毘売塚古墳
県指定史跡(1969年指定)
指定名称「毘売塚古墳」
所在地:安来市黒井田町1986外
安来駅の裏手、日立金属工場東側の丘陵上に造られた全長約50mの前方後円墳で、古来より出雲国風土記に記述のある、「比売埼伝承」に登場する姫の墓と言い伝えられています。
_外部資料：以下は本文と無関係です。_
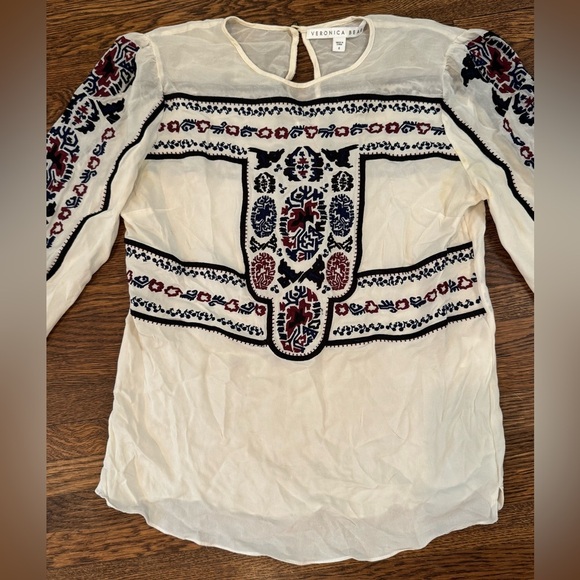 Veronica Beard Tobie Boho Silk White Blouse with Red and Blue Embroidery Size 6 - Picture 9 of 11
発掘調査により後円部中央で舟形石棺が1基発見され、石棺内から壮年男性の人骨1体と鉄剣が、棺の外側から鉄剣や鉾、短甲、漁具(ヤス)などの鉄器類が出土し、古墳時代中期の築造と考えられています。
毘売塚古墳測量図
安来市教育委員会提供
毘売塚古墳舟形石棺
安来市教育委員会提供
毘売塚古墳石棺内部
安来市教育委員会提供
比売埼伝承(ひめさきでんしょう)
『出雲国風土記』の意宇郡安来郷の条に記されている伝承です。
天武天皇3年(674)7月13日、語部臣猪麻呂(かたりべのおみいまろ)という人物の娘が、安来郷の北の海岸の比売埼で散歩していたところ、和鰐(わに:サメのこと)に襲われて命を落としました。猪麻呂は悲しみと怒りで昼も夜も苦しみましたが、数日後に鉾を手に海岸に行き、天地の神や海の神など、ありとあらゆる神々に娘の仇討ちができるように祈りました。すると岸辺に100匹余りの和鰐が1匹の和鰐を取り囲むように姿を現したので、まさかと思い鉾でその和鰐を突き殺したところ、他の和鰐たちは囲みを解いて去っていきました。殺した和鰐の体を切り裂いてみると、腹の中から娘の足のすねが出てきたので、この和鰐が娘の仇であることがわかりました。猪麻呂はこの和鰐をさらに切り裂いて串刺しにし、道の傍らにさらしたといいます。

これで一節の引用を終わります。